ReplyDeleteHe is quite good, isn't he? Nevertheless, the compliment stands.
ReplyDeleteSupporting states' rights gets you branded a bigot? Despite the ill uses to which states rights have been put, people should take way more time to understand the principles of your position before doing that. That's just shoddy thinking.
ReplyDeleteMy perception:
ReplyDeleteIf you are a conservative in favor of "states rights" you are branded a bigot.
If you are a liberal in favor of "states rights" you are merely pissed off about Bush v. Gore 2000 and/or you live in Oregon and want to smoke dope.
Again ... just my perception.
I should've qualified my statement.
ReplyDeleteMost non-alleged-anarchist Oregonians ...
I’d beg to differ with anarchist; what happened in New Orleans sure was anarchy according to dictionary.com.
ReplyDelete"I still suspect you're wrong but at least now it's open to doubt. Let me guess you live in Eastern Oregon?"
ReplyDeleteWestern Oregon.
I live in Benton County, just north of Eugene, AKA kook central.
The vast majority of my colleagues were Gore/Kerry voters. These are the poeple (and myself) whom I speak of.
"I have to disagree that usage dictates meaning..."
ReplyDeletePerhaps usage dictates interpretation would be more accurate.
The same can be said for the word liberal. A liberal today is most definitely different than a liberal of 100 years ago.
I was vague in my last post, sorry.
ReplyDeleteThe preception that anarchists are vandals etc... comes not just from me, but from my colleagues as well, the vast majority of which are Gore/Kerry voters.
I believe that Eugene still has a large anarchist population (halfway down page).
Again ... I am talking about *perception*.

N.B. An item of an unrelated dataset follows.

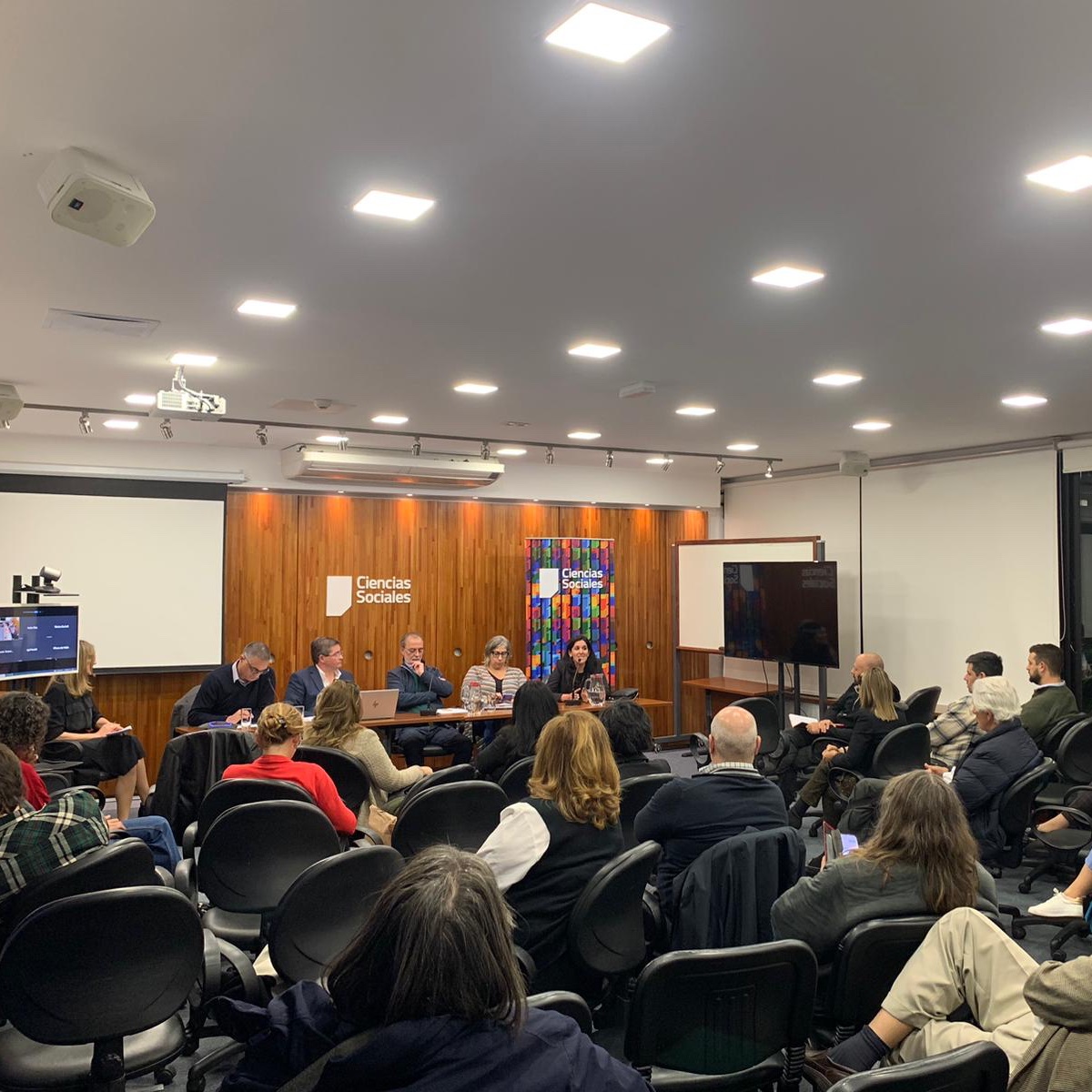 EconomistasURU's tweet photo. 🔙 El pasado martes compartimos un nuevo Diálogo de Agenda: “La Salud en Uruguay. Desafíos y Propuestas” 🇺🇾⚕️

🤝 Muchas gracias Z. Arteta (@Frente_Amplio), L. Cipriani (@PNACIONAL), G. Mieres (@pindependiente_), L. Quintana (@Cabildo_UY) y A. Tchekmedyian (@PartidoColorado). https://t.co/MQVHWMnDQR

I don't buy the whole premise for archaism. How can you have order without authority? Even if the authority derives from the people then it is still authority. Without any authority everyone seeks there own personal best interest (like they did in New Orleans). It would be as you say chaos. This is probably why you do not have big anarchist organizations, everyone would try to do things their own personal way.